Bibbe told Scram magazine the story of the group’s formation and brief life in 2005:
Charlotte Rosenthal, Janet Kerouac and I were all downtown street kids in 1964 New York City. While panhandling, we three met songwriter Neil Levinson (“Oh, Denise”) and hustled busfare from him. On the bus ride we fell to chatting. The Beatles had just come out big in the US and Neil had written a girl-song response to “I Want To Hold Your Hand.” Would we be interested in hearing it? We met him later that day at Steinway Studios on 57th Street and together finished the lyrics and music for “I Want To Talk With You.” It was a classic girl group riff and we dug it. That same day we went to a half dozen record companies auditioning the song without any takers. As a last resort, Neil called Colpix label’s Don Rubin from a payphone. When Don said he would see us we ran all the way over to the audition. We sang the song and within the next couple days we were signed to Colpix and to DuLev Productions. DuLev was Levinson’s company with his partner, Steve Duboff. For the B-side Neil brought in pal Jean Murray (Jean Kauffman) who had co-written the Darin hit “Splish Splash” with Darin and her son, DJ Murray the K. Oh, that she only wrote us another “Splish Splash!” Instead it was the rather silly and insipid “Go Go Go With Ringo.” We loved the A-side but weren’t too wild about the Ringo song. Over the next few weeks we rehearsed daily, shopped for matching outfits and had 8×10 glossy promo pictures taken.
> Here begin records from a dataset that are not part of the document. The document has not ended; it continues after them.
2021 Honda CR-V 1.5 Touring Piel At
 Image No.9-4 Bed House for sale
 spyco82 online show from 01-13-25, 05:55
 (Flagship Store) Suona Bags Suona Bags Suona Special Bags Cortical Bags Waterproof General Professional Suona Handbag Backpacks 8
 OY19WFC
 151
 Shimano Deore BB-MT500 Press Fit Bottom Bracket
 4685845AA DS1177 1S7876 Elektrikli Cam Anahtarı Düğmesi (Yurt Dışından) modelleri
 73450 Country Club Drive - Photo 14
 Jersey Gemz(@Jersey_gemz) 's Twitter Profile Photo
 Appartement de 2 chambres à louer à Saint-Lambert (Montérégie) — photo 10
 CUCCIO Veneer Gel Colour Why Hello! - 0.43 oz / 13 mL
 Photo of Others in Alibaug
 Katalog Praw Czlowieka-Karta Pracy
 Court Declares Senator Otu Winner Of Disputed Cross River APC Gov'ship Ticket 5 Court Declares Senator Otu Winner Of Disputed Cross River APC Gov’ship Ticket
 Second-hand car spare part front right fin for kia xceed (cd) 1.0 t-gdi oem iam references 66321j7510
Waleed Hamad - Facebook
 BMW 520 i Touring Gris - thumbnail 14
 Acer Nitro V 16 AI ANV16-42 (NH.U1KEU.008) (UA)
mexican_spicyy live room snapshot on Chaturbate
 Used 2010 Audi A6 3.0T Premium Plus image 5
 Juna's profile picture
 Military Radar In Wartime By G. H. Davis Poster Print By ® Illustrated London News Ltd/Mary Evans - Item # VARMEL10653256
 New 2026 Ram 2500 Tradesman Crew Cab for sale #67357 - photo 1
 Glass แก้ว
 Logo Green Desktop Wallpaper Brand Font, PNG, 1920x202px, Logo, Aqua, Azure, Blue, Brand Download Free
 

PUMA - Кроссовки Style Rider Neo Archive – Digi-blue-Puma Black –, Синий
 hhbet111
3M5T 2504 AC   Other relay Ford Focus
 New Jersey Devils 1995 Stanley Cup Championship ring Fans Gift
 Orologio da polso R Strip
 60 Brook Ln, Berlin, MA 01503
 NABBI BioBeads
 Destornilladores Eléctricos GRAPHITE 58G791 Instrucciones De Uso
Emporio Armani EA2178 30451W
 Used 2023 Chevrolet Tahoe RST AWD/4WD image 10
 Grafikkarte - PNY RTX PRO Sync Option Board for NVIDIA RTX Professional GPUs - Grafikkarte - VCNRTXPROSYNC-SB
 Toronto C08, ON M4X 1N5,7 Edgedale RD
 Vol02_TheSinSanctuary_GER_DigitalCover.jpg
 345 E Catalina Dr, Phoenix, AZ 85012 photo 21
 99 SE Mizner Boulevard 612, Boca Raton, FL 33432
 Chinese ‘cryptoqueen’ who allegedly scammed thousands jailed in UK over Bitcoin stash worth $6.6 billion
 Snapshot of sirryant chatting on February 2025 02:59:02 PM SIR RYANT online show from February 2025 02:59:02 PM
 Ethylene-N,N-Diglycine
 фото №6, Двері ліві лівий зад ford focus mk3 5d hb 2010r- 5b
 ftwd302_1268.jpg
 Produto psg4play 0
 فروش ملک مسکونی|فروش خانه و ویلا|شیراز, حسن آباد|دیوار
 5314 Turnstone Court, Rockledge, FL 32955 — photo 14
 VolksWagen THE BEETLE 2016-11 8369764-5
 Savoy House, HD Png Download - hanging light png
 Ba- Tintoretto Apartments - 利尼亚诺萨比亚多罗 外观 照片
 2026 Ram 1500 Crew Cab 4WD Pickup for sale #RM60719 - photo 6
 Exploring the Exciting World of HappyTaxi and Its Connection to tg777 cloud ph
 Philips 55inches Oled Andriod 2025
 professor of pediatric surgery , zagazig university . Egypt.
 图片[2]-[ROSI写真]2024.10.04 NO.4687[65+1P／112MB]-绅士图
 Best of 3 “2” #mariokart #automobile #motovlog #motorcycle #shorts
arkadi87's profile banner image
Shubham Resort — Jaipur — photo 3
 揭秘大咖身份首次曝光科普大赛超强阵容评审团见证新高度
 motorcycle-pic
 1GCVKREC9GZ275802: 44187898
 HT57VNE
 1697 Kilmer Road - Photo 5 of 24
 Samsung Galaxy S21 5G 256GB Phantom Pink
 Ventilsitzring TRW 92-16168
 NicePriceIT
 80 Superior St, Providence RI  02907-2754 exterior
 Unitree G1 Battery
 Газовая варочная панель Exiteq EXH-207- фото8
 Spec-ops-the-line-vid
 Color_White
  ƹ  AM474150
At one point we were introduced to the group The Tokens who apparently were now 1/3 owners of our act along with Dulev (1/3) and Jean Murray (1/3). Our percentage was apparently not accounted for under this bookkeeping arrangement. Similarly, I have no idea how Don Rubin and Colpix were supposed to get their cut.
Within a few weeks we were recording. The record was pressed—at least dj copies. We got a box of these records to split between us. I believe it was released however briefly but nothing much happened with it. I heard our masters were sold to Laurie Records at one point. Later I heard we’d charted somewhere in Canada. Shortly before she died, Janet Kerouac told me her Rhino Records lawyers were looking into that and had found that we were owed a little bit of money. Apparently not enough to bother collecting from what I can tell.